Starting in 2014, the newly passed healthcare law will extend Medicaid benefits to people who make 133 percent of the federal poverty level. At present my state provides Medicaid to uninsured adults who are at approximately 23 percent of the federal poverty level ($5,071 for a family of four).
This change should make a huge dent in the 32 million uninsured Americans and reduce the number of patients that community behavioral health organizations see, who are self-pays.
Currently our center collects about 30 cents on every dollar billed to self-pays, while the Medicaid blended collection rate is approximately 64 cents on the dollar.
The state wide charity care ratio for CMHCs is about 16% and this, in theory, would help offset some of these millions of dollars in uncompensated care.

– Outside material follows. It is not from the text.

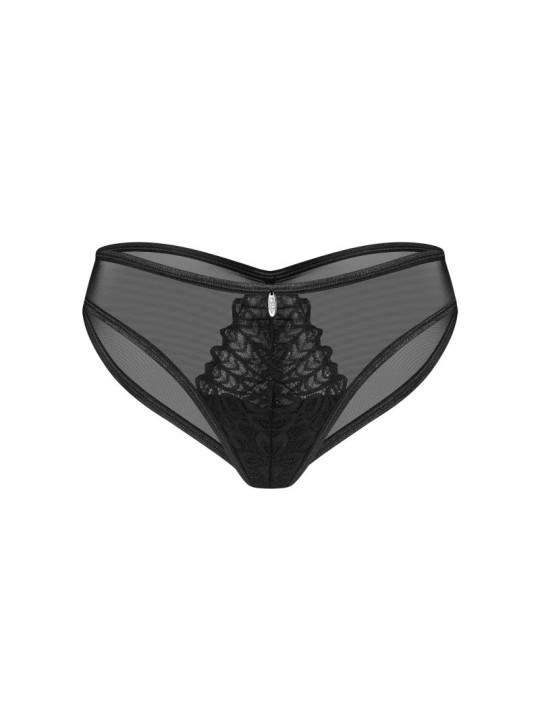 Donarella culotte - Noire NP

Tragically as the federal Medicaid eligibility criteria widens, our state has proposed a state plan amendment to CMS that would greatly restrict patient eligibility, limit service provision, and lower payment rates to such an extent that it undermines the whole business model upon which the CMHC infrastructure is based.

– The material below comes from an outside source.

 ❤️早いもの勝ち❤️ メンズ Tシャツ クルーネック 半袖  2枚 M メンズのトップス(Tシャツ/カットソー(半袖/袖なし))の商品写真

Having been burned in a federal audit a few years ago, the state decided, rather than simply policing the abusing entities better, to created an audit-proof Rube Goldberg bureaucratic nightmare. The lipstick on his pig is recovery model language and promises of access to clubhouse services, as it undermines decades of work building an accessible statewide system of care.
These changes ironically threaten to undermine any benefits of healthcare reform and undo any financial help from the stimulus package’s Federal Medicaid Assistance Program (FMAP).
Of course that’s only my opinion.
What is the perspective on the healthcare reform bill elsewhere?